GIVEN INFORMATION:
• • • •

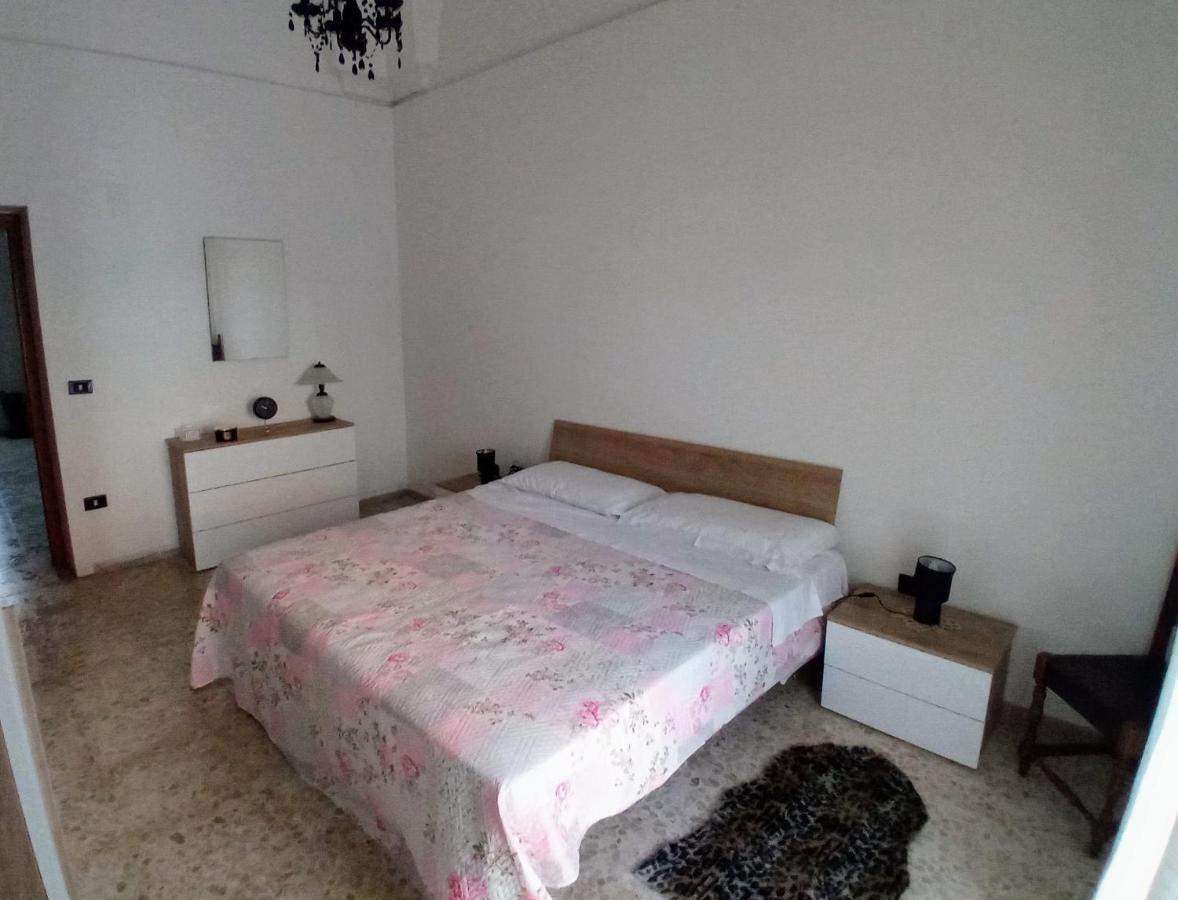 Casa Vacanza Nonna Emma Villa ลิซซาโน ภายนอก รูปภาพ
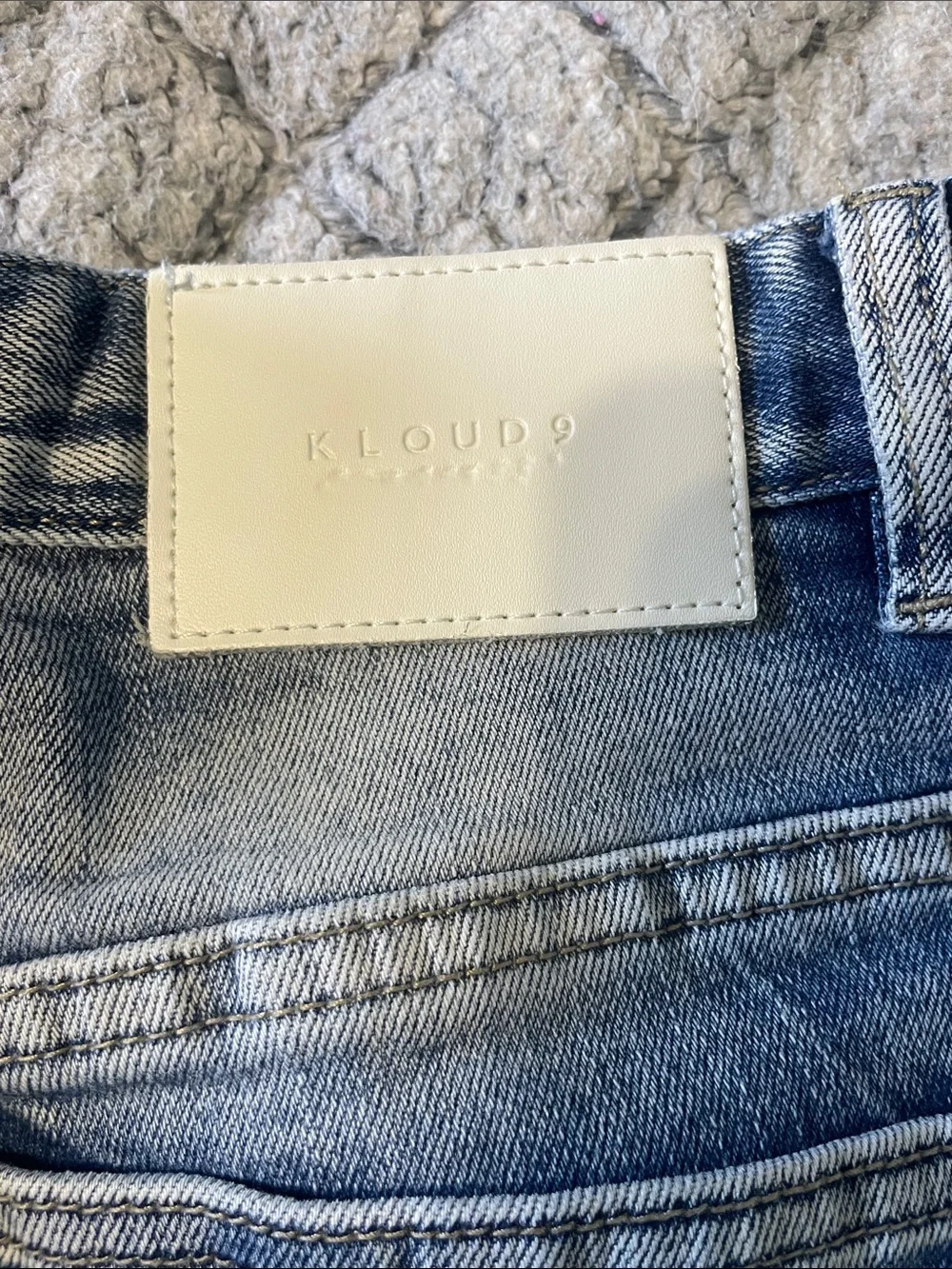 Kloud9 light Wash Skinny Men’s Jeans with Distressed Knees paint splatter 34/32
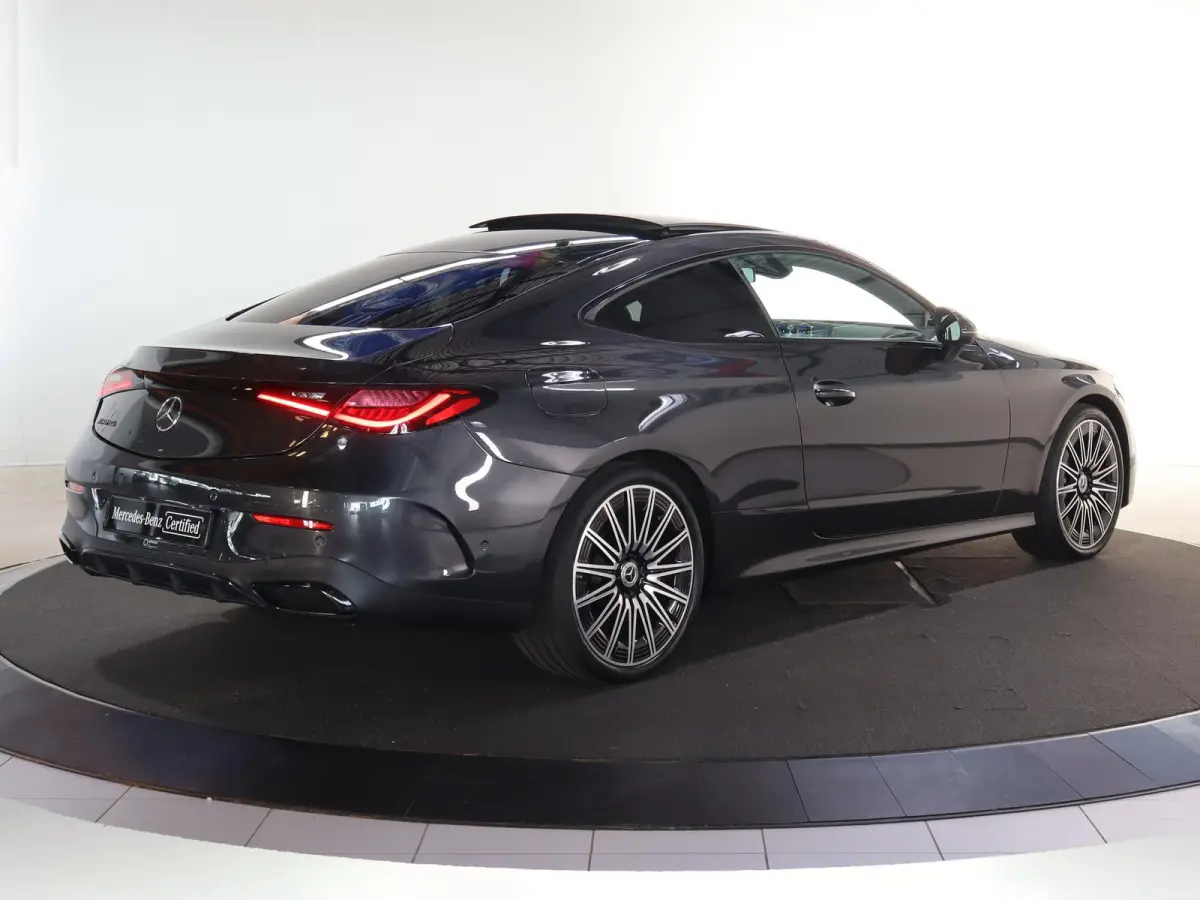 200 AMG Line | Digital Light | Panoramadak | 20" lichtmetalen velgen | Memory | 360 graden camera |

• • • •

The expected answer is the lines from the one that has "Kloud9 light Wash" to the end of the listing, transcribed exactly, with pictures left out and no other line added.

FINISHED EXERCISE:
 Kloud9 light Wash Skinny Men’s Jeans with Distressed Knees paint splatter 34/32
 200 AMG Line | Digital Light | Panoramadak | 20" lichtmetalen velgen | Memory | 360 graden camera |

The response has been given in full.